> [Your objective]: In the records below, find the line holding "Table 100 - fried" and the line holding "en Punta Arenas". Set down both, with every line between them, exactly.

____ Extracted data

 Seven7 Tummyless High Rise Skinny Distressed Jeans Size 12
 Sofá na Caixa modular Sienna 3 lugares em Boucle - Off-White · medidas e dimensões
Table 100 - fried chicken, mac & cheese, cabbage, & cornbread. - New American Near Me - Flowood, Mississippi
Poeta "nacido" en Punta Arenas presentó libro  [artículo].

________
____ Extracted data

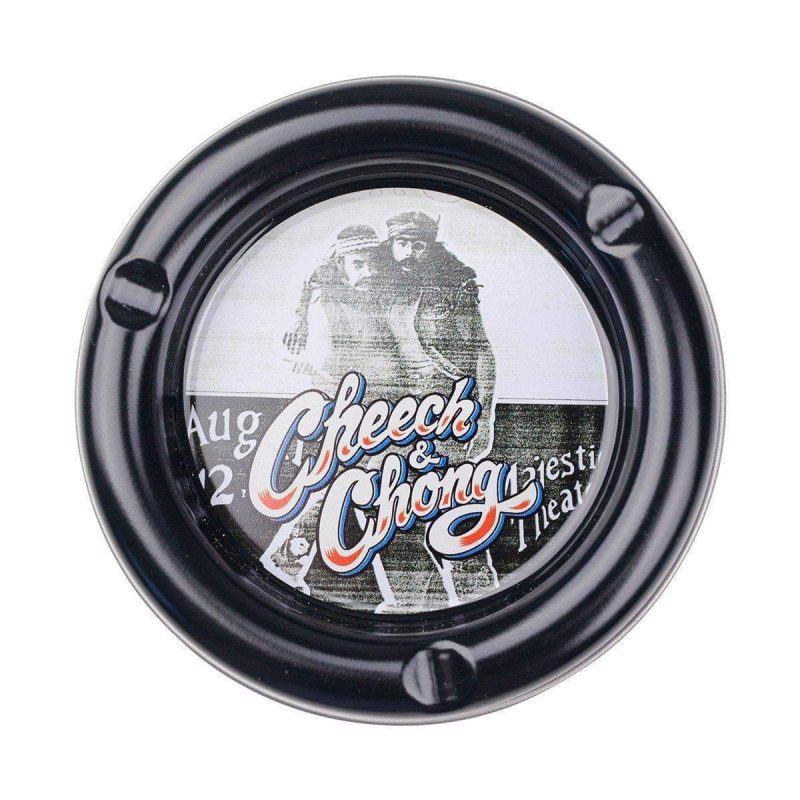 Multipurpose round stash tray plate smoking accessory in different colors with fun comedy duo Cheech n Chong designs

________
____ Extracted data

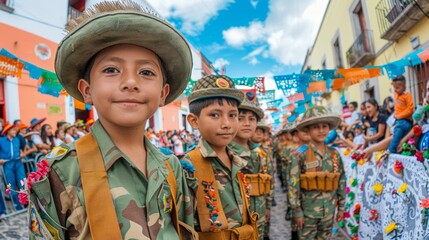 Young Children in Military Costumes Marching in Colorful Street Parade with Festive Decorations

________

> [Solved problem]:
Table 100 - fried chicken, mac & cheese, cabbage, & cornbread. - New American Near Me - Flowood, Mississippi
Poeta "nacido" en Punta Arenas presentó libro  [artículo].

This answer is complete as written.